From one minute to the next, she completely forgets what it is she's talking about and subjects chop and change at will and God help you if you don't keep up. You could be discussing what to have for dinner and the next sentence has something to do with how viscous the mucus is.
"In the soup???"
"No, silly," eyes rolling like you're the most dense person to walk the face of the planet, "in my uterus! Keep up for heavens sake!"
Another new turn of events is the way she just makes up words for things because in the heat of the moment, she can't for the life of her remember the proper names. Let me give you an example...
Picture the scene: It's about 10pm and we're getting ready for bed.
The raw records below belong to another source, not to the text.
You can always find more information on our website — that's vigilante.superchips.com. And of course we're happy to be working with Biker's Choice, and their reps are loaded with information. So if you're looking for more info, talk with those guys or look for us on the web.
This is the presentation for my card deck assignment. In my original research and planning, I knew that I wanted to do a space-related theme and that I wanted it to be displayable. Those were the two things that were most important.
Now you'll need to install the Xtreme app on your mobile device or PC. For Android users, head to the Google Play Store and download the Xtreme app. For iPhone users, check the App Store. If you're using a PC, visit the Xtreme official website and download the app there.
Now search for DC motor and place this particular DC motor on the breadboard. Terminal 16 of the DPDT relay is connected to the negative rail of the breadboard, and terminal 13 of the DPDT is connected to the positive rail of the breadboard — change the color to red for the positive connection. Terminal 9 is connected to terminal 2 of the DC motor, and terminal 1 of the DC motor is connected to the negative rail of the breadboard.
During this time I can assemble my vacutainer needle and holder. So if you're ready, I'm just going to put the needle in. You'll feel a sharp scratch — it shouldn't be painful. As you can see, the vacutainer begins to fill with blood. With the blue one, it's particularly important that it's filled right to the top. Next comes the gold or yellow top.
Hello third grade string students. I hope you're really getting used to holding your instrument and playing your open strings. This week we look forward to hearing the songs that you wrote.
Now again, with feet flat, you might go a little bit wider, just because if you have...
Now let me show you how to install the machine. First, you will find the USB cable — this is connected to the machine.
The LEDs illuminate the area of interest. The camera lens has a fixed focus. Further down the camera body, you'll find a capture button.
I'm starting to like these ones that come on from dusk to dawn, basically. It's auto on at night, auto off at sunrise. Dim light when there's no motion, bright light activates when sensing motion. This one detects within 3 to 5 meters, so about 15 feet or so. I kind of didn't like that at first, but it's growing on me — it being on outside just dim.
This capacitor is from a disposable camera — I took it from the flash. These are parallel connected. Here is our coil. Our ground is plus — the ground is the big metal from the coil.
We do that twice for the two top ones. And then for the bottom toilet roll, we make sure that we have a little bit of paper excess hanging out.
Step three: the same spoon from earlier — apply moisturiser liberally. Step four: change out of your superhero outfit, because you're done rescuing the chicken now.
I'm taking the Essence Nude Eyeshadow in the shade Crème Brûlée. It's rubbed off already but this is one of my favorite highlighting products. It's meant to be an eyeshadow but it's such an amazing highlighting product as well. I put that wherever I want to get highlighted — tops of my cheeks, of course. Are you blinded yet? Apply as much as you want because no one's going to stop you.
The wife has just been for her seventeenth visit to the WC and is now complaining about this.
"It's like this neverending circle of Fafa!"
"I'm sorry....circle of what??"
"Fafa!"
Cue dumbfounded look on my face.....
"Fafa!! You know, I lie in bed and get sleepy, then I need to pee, so I get up and pee, then I have to wait to get sleepy again, then just as I'm about to fall asleep, I need to pee again... a circle of Fafa."
"And what exactly does Fafa mean??"
"You know....Fafa!!. Just Fafa!"
And the eyes roll again like I'm the densest person around.
The descriptions also get "Krissified".
"How you feeling today, my love?" gets a response similar to "I'm twitchy....and pully". Not quite sure how to take that, but generally nodding and saying something like "I'm so sorry, baby...can I rub your tum?" is normally the right way to go.
Either way, if I don't keep up with the conversation or if I'm not sympathetic enough to the twitchy pullies, I'm generally in a world of Fafa!!